#### [INFORMATION]
--- START ---
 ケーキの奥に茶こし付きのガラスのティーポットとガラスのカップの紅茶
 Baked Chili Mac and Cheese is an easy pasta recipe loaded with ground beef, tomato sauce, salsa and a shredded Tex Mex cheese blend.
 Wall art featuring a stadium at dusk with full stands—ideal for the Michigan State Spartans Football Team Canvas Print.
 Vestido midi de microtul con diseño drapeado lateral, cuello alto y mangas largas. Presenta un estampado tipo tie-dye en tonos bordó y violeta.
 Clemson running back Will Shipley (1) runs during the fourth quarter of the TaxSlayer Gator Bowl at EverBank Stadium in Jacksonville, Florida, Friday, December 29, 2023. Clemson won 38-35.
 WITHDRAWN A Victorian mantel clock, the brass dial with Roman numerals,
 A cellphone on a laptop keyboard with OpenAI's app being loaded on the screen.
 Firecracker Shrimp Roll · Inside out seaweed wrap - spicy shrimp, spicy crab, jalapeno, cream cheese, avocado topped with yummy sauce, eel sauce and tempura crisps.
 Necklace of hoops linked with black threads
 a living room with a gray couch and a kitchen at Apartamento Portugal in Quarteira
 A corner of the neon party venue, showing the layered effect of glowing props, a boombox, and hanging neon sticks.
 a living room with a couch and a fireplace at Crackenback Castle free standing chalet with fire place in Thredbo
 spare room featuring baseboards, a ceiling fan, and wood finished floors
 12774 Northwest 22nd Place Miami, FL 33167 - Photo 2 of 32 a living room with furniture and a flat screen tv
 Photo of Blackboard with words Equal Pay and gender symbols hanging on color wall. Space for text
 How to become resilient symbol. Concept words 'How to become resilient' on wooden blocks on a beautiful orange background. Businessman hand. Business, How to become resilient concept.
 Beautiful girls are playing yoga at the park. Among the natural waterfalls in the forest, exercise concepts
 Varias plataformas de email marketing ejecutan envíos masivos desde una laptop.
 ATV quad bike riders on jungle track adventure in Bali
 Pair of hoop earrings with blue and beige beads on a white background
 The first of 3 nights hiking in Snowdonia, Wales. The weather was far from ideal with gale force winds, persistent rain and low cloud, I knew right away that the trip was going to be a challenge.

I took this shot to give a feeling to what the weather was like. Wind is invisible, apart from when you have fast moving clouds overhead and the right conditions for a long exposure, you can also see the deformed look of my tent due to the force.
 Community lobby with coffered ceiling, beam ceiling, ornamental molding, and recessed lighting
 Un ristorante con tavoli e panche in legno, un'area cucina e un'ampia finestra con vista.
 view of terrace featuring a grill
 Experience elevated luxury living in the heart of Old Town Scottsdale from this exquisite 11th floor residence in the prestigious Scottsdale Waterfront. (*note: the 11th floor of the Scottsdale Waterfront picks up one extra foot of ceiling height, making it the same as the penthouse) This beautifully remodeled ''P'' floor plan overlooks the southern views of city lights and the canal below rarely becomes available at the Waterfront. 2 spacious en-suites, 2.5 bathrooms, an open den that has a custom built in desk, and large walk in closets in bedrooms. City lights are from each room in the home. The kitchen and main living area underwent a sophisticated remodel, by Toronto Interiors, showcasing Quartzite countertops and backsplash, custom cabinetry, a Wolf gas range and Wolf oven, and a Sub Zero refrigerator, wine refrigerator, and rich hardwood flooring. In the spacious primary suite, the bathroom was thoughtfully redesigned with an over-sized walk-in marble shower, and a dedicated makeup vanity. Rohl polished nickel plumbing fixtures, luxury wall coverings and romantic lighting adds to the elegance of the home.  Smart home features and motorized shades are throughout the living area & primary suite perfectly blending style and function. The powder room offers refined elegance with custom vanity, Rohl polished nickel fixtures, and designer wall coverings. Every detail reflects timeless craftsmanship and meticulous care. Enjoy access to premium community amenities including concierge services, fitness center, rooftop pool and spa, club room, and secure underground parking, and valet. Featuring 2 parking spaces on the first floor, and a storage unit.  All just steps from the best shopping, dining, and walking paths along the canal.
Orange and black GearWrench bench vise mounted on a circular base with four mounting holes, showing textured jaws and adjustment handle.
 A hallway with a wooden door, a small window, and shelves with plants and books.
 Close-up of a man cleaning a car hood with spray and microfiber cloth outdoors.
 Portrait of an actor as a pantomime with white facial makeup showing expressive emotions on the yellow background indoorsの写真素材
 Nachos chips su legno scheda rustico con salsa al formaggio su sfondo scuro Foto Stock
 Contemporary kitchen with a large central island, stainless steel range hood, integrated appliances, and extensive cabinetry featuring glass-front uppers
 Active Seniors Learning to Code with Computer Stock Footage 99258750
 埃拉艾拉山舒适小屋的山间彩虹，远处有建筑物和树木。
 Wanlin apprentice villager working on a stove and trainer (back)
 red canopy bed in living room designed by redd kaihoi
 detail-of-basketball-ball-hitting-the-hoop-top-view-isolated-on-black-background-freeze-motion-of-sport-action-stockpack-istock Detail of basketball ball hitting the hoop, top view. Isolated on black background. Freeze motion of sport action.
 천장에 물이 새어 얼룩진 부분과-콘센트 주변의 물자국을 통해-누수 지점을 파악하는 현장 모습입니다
--- END ---
#### [WHAT IS NEEDED]
When you output the entries, keep every word exactly as it stands.

#### [RESPONSE BELOW]
 ケーキの奥に茶こし付きのガラスのティーポットとガラスのカップの紅茶
 Baked Chili Mac and Cheese is an easy pasta recipe loaded with ground beef, tomato sauce, salsa and a shredded Tex Mex cheese blend.
 Wall art featuring a stadium at dusk with full stands—ideal for the Michigan State Spartans Football Team Canvas Print.
 Vestido midi de microtul con diseño drapeado lateral, cuello alto y mangas largas. Presenta un estampado tipo tie-dye en tonos bordó y violeta.
 Clemson running back Will Shipley (1) runs during the fourth quarter of the TaxSlayer Gator Bowl at EverBank Stadium in Jacksonville, Florida, Friday, December 29, 2023. Clemson won 38-35.
 WITHDRAWN A Victorian mantel clock, the brass dial with Roman numerals,
 A cellphone on a laptop keyboard with OpenAI's app being loaded on the screen.
 Firecracker Shrimp Roll · Inside out seaweed wrap - spicy shrimp, spicy crab, jalapeno, cream cheese, avocado topped with yummy sauce, eel sauce and tempura crisps.
 Necklace of hoops linked with black threads
 a living room with a gray couch and a kitchen at Apartamento Portugal in Quarteira
 A corner of the neon party venue, showing the layered effect of glowing props, a boombox, and hanging neon sticks.
 a living room with a couch and a fireplace at Crackenback Castle free standing chalet with fire place in Thredbo
 spare room featuring baseboards, a ceiling fan, and wood finished floors
 12774 Northwest 22nd Place Miami, FL 33167 - Photo 2 of 32 a living room with furniture and a flat screen tv
 Photo of Blackboard with words Equal Pay and gender symbols hanging on color wall. Space for text
 How to become resilient symbol. Concept words 'How to become resilient' on wooden blocks on a beautiful orange background. Businessman hand. Business, How to become resilient concept.
 Beautiful girls are playing yoga at the park. Among the natural waterfalls in the forest, exercise concepts
 Varias plataformas de email marketing ejecutan envíos masivos desde una laptop.
 ATV quad bike riders on jungle track adventure in Bali
 Pair of hoop earrings with blue and beige beads on a white background
 The first of 3 nights hiking in Snowdonia, Wales. The weather was far from ideal with gale force winds, persistent rain and low cloud, I knew right away that the trip was going to be a challenge.

I took this shot to give a feeling to what the weather was like. Wind is invisible, apart from when you have fast moving clouds overhead and the right conditions for a long exposure, you can also see the deformed look of my tent due to the force.
 Community lobby with coffered ceiling, beam ceiling, ornamental molding, and recessed lighting
 Un ristorante con tavoli e panche in legno, un'area cucina e un'ampia finestra con vista.
 view of terrace featuring a grill
 Experience elevated luxury living in the heart of Old Town Scottsdale from this exquisite 11th floor residence in the prestigious Scottsdale Waterfront. (*note: the 11th floor of the Scottsdale Waterfront picks up one extra foot of ceiling height, making it the same as the penthouse) This beautifully remodeled ''P'' floor plan overlooks the southern views of city lights and the canal below rarely becomes available at the Waterfront. 2 spacious en-suites, 2.5 bathrooms, an open den that has a custom built in desk, and large walk in closets in bedrooms. City lights are from each room in the home. The kitchen and main living area underwent a sophisticated remodel, by Toronto Interiors, showcasing Quartzite countertops and backsplash, custom cabinetry, a Wolf gas range and Wolf oven, and a Sub Zero refrigerator, wine refrigerator, and rich hardwood flooring. In the spacious primary suite, the bathroom was thoughtfully redesigned with an over-sized walk-in marble shower, and a dedicated makeup vanity. Rohl polished nickel plumbing fixtures, luxury wall coverings and romantic lighting adds to the elegance of the home.  Smart home features and motorized shades are throughout the living area & primary suite perfectly blending style and function. The powder room offers refined elegance with custom vanity, Rohl polished nickel fixtures, and designer wall coverings. Every detail reflects timeless craftsmanship and meticulous care. Enjoy access to premium community amenities including concierge services, fitness center, rooftop pool and spa, club room, and secure underground parking, and valet. Featuring 2 parking spaces on the first floor, and a storage unit.  All just steps from the best shopping, dining, and walking paths along the canal.
Orange and black GearWrench bench vise mounted on a circular base with four mounting holes, showing textured jaws and adjustment handle.
 A hallway with a wooden door, a small window, and shelves with plants and books.
 Close-up of a man cleaning a car hood with spray and microfiber cloth outdoors.
 Portrait of an actor as a pantomime with white facial makeup showing expressive emotions on the yellow background indoorsの写真素材
 Nachos chips su legno scheda rustico con salsa al formaggio su sfondo scuro Foto Stock
 Contemporary kitchen with a large central island, stainless steel range hood, integrated appliances, and extensive cabinetry featuring glass-front uppers
 Active Seniors Learning to Code with Computer Stock Footage 99258750
 埃拉艾拉山舒适小屋的山间彩虹，远处有建筑物和树木。
 Wanlin apprentice villager working on a stove and trainer (back)
 red canopy bed in living room designed by redd kaihoi
 detail-of-basketball-ball-hitting-the-hoop-top-view-isolated-on-black-background-freeze-motion-of-sport-action-stockpack-istock Detail of basketball ball hitting the hoop, top view. Isolated on black background. Freeze motion of sport action.
 천장에 물이 새어 얼룩진 부분과-콘센트 주변의 물자국을 통해-누수 지점을 파악하는 현장 모습입니다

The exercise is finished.